■ **Requirement**
For this exercise, write out only the lines of the entries below from the one with "Amaryllis Bright Red" up to and including the one with "Levendig Tulp Patroon", exactly as they are. Pictures stay out.

■ **Data to examine**
----------------

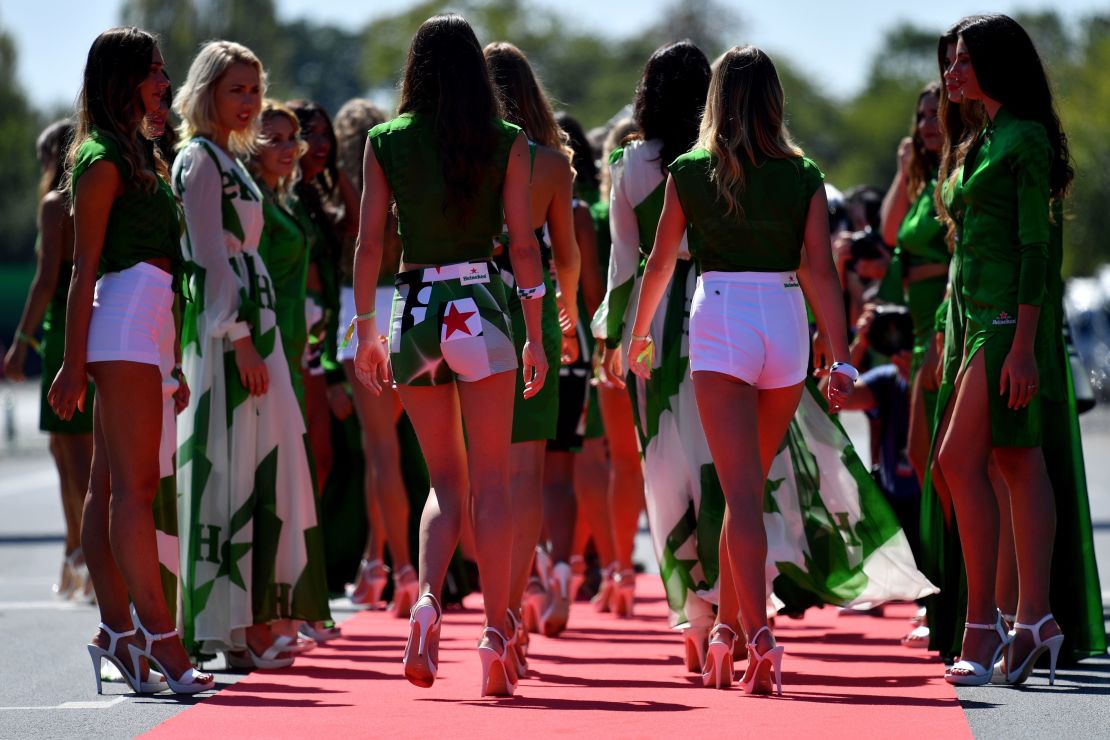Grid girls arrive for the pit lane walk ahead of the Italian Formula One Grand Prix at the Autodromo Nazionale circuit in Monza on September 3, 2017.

----------------

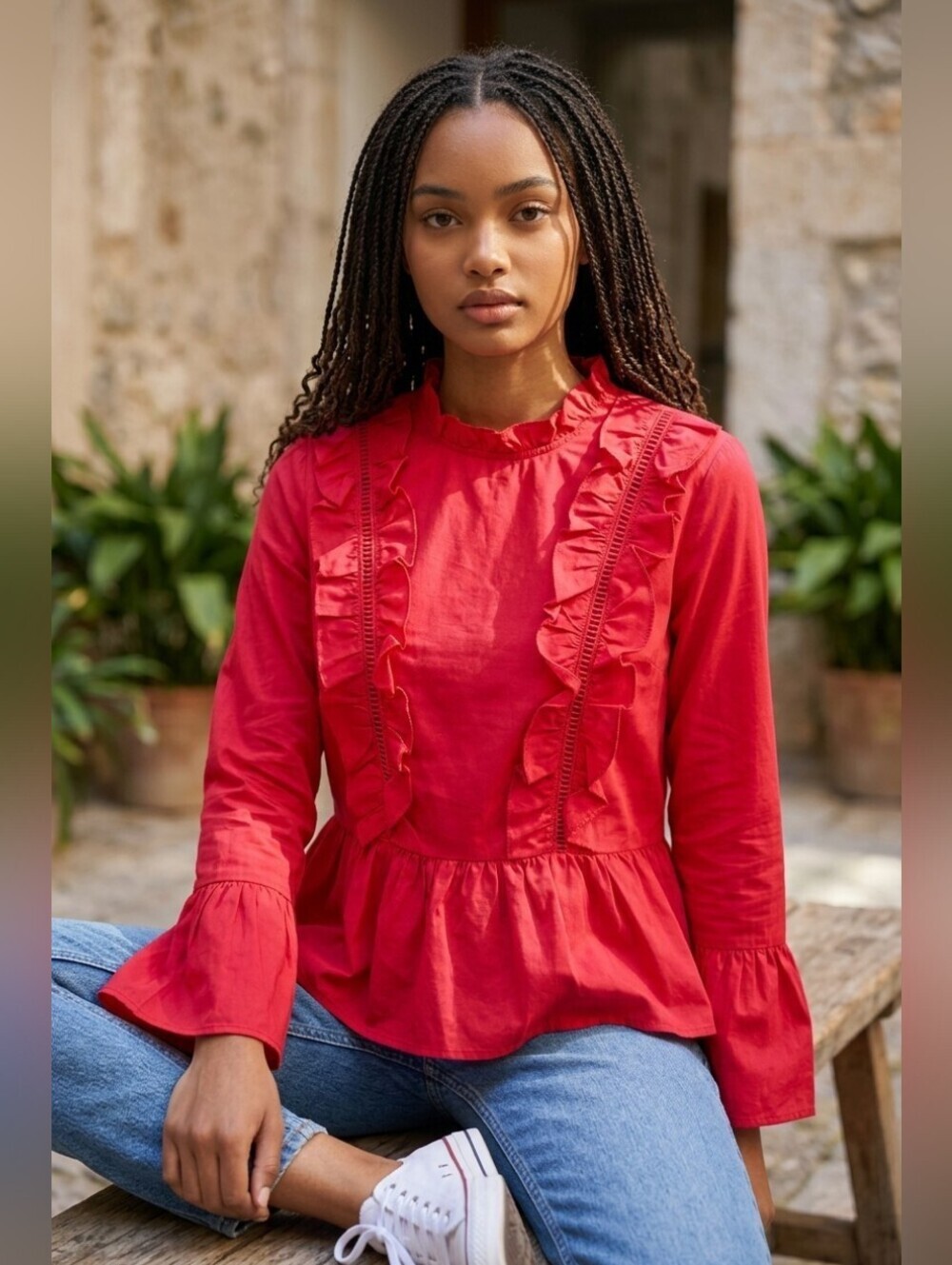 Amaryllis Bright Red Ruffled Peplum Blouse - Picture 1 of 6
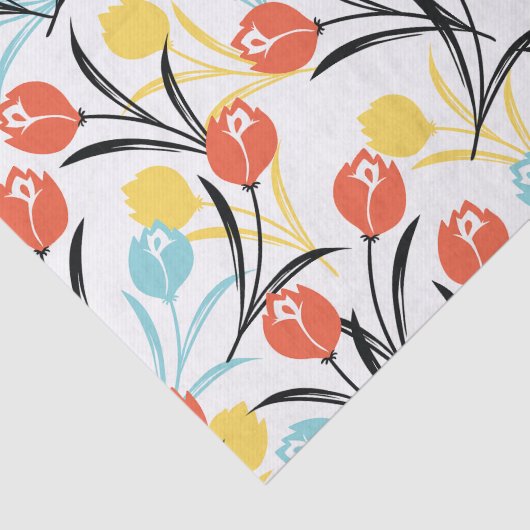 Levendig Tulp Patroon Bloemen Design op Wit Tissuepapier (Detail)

----------------

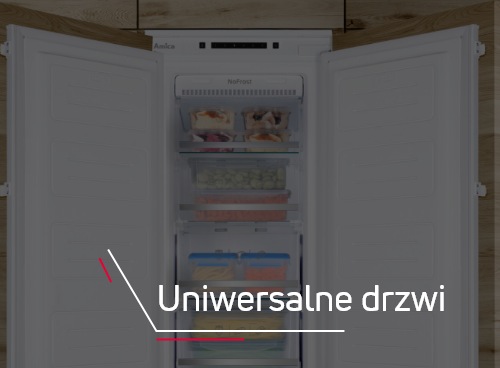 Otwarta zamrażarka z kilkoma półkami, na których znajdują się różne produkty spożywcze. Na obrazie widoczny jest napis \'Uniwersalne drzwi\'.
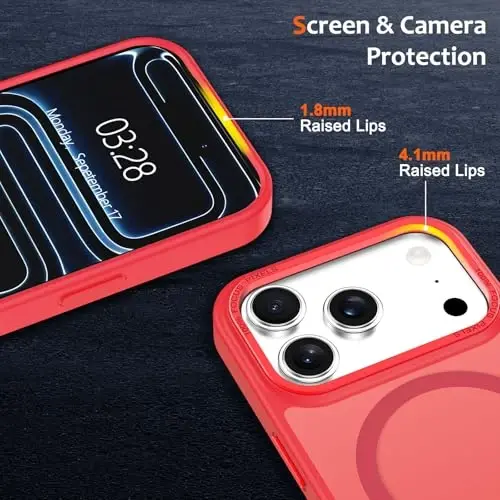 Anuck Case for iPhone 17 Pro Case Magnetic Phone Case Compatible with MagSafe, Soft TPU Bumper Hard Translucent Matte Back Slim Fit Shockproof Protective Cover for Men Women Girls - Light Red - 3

----------------

■ **Solution to the exercise**
 Amaryllis Bright Red Ruffled Peplum Blouse - Picture 1 of 6
 Levendig Tulp Patroon Bloemen Design op Wit Tissuepapier (Detail)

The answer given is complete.